Test-enhanced learning has been used to promote learning and long-term knowledge retention in medical,15,25,26 dental,27,28 and chemistry/science courses.23,29-31 Therefore, pharmacy education could be a logical extension for this approach, given the overlapping similarities of material and the need for long-term knowledge retention in pharmacy education. However, there is little work in this area.
Self-testing was used (ie, test-enhanced learning) in pathophysiology courses in pharmacy curricula.32,33 In these studies, students had access to optional online quizzes as a resource to prepare for course examinations with an unlimited number of attempts. Students received feedback regarding the percentage of questions answered correctly and were able to view questions with incorrect responses (without identification of the correct response). Use of the practice quizzes led to a significant improvement in student performance on course examinations.32,33 Additionally, student performance on the practice quizzes was predictive of examination performance. The results from these initial studies are promising for the use of test-enhanced learning in pharmacy education.
One additional benefit associated with retrieval practice is the promotion of metacognitive skills development.30,32,34-38 Metacognitive skills include self-awareness of knowledge and lack thereof, as well as the ability to develop learning strategies, monitor one’s learning, and make changes to the learning processes as needed to improve learning.30,32,34-38 In pharmacy, developing metacognitive skills is important because they are necessary for self-directed lifelong learning.32,37,38
In this study, we sought to demonstrate that test-enhanced learning could be used as a curricular tool for pharmacy education, specifically for immunology and medicinal chemistry topics, to enhance learning performance and promote development of test-taking and metacognitive skills among students.
DESIGN
The Appalachian College of Pharmacy offers a 3-year doctor of pharmacy (PharmD) program that uses a modified block schedule. Because of the rapid curriculum pace, learning tools are needed that foster long-term knowledge retention. To examine whether test-enhanced learning could be used as a means to improve student performance on summative assessments and promote knowledge retention in pharmacy education, a series of optional online learning modules was created for select topics in a team-taught integrated immunology and infectious disease pharmacology/medicinal chemistry course during the fall semester of the first (P1) year. The class met 3 hours per day, 5 days per week, for 2 months.

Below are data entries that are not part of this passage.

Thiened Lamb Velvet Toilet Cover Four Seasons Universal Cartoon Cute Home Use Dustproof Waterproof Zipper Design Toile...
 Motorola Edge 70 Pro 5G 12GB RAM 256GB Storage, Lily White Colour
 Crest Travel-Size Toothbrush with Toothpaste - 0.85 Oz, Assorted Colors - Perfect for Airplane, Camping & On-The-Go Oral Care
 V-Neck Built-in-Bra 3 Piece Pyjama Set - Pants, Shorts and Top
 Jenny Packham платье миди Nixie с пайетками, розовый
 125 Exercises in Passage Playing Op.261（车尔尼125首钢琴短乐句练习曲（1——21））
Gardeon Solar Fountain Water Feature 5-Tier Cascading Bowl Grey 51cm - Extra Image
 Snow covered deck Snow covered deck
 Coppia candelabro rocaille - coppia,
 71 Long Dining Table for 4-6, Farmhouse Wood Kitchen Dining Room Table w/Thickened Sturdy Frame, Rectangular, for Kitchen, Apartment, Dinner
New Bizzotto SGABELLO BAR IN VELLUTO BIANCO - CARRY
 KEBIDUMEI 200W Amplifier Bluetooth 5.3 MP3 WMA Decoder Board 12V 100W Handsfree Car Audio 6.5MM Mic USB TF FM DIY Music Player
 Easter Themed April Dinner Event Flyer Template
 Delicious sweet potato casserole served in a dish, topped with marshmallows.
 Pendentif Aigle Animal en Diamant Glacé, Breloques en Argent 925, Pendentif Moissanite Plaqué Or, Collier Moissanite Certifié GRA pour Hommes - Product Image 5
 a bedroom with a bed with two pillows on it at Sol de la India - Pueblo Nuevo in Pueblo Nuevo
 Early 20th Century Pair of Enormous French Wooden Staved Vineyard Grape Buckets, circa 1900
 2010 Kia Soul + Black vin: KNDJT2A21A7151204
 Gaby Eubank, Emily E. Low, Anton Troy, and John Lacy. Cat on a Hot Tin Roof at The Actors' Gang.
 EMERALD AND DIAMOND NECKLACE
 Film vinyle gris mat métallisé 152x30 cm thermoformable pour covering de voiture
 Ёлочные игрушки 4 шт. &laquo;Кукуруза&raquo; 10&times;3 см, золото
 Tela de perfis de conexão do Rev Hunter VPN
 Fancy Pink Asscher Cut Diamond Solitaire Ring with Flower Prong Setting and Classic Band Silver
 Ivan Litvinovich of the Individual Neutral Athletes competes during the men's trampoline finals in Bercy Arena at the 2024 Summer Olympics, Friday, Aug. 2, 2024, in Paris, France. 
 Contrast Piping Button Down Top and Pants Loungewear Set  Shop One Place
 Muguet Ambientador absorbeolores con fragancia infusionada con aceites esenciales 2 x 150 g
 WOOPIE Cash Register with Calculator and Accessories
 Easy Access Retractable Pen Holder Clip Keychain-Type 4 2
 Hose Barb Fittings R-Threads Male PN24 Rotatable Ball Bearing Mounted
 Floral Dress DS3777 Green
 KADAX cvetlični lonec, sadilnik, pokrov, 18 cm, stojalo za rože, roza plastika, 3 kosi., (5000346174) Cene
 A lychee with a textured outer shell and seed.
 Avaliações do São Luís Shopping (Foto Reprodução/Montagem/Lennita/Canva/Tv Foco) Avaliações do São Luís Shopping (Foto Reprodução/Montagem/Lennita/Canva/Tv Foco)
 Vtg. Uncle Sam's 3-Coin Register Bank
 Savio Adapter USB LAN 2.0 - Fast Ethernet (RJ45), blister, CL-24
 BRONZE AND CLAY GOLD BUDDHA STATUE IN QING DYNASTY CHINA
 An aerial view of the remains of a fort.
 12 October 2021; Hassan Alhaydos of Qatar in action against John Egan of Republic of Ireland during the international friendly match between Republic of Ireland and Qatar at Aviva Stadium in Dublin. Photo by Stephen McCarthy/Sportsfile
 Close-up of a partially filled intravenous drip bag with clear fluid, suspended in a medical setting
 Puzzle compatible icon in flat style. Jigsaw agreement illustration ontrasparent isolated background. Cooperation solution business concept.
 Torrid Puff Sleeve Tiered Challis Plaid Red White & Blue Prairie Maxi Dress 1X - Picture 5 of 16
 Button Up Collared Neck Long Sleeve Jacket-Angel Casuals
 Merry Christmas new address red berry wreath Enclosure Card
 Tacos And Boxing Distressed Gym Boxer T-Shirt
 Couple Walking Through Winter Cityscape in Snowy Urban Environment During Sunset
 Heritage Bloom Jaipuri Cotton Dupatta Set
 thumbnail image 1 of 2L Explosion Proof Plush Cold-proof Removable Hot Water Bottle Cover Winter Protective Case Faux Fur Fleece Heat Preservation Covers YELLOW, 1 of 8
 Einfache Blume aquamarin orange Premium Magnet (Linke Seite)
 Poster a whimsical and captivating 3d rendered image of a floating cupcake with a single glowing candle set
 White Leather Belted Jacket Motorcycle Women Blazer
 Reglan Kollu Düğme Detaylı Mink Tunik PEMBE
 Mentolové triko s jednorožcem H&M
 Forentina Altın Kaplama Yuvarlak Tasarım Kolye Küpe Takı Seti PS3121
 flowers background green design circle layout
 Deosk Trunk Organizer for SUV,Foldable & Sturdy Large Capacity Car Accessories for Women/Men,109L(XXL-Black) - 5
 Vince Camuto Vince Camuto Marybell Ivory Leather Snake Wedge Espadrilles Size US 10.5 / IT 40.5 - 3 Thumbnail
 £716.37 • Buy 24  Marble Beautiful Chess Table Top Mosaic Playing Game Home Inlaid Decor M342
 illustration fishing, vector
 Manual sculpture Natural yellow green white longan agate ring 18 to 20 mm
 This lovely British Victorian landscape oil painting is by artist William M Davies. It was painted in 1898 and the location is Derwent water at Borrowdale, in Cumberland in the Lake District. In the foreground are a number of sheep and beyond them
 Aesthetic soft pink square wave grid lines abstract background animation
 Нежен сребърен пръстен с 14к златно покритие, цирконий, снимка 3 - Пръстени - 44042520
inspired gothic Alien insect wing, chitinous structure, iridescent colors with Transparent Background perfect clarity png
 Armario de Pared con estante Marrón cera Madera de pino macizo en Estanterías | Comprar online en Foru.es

Students enrolled in the course offered during year 1 (n=73) did not have access to modules and were used as the control group. Students enrolled in the course offered during the fall semester of year 2, n=73) had access to the optional modules (Table 1) through the course site in Moodle (Moodle Pty Ltd, Perth, Australia). The modules typically were released to students on the day the material was presented in lecture. In general, lectures for the medicinal chemistry topics followed corresponding pharmacology lectures. This project received approval from the Appalachian College of Pharmacy Institutional Review Board.
Table 1.
Student Performance on Modules by Topic
Modules (Table 1) were developed for 6 of the 27 topics covered during the course. Online modules were created in Moodle using the quiz feature and consisted of 18-32 multiple-choice questions (ie, A-type, K-type, “select all that apply” (SATA), and matching formats. Moodle has a built-in feature that allows instructors to provide immediate feedback to students through an overall feedback field and feedback fields for individual responses (Table 2).
Table 2.
Sample Module Question with Detailed Feedback and Modifications used on Assessment Questions
The overall feedback field was used to provide explanations of the overall concepts being assessed in the questions and a rationale for the correct response(s), while individual response fields were used to provide feedback about why a specific answer was incorrect. For example, if the question required students to correctly identify the drug with a given mechanism of action, the correct mechanism of action for each distractor would be provided in the response feedback fields. As noted above, this immediate feedback to responses is a key component of test-enhanced learning to improve students’ conceptual understanding of the material and promote long-term knowledge retention rather than simple memorization. The use of multiple question types and detailed feedback regarding correct or incorrect responses distinguished the modules in this study from previous studies using self-testing in pharmacy education.32,33
Students were allowed an unlimited number of attempts on the modules, which were not used in the calculation of course grades. Module questions for immunology topics typically required students to answer questions on specific vaccines (eg, schedules, contraindications) and hypersensitivity reactions (eg, different types, specific diseases), as well as on general knowledge regarding immune deficiencies and autoimmunity. For medicinal chemistry topics, questions tested knowledge of drug mechanisms of action, adverse drug reactions, structural drug class recognition, prodrug activation, metabolism, contraindications/black box warnings, and drug interactions. Questions on summative assessments during year 1 were used as the starting point for module development in year 2. Additional questions were added to the modules to increase the scope and size of material to be reinforced because the goal was to use the modules as learning tools to enhance long-term knowledge retention of important material.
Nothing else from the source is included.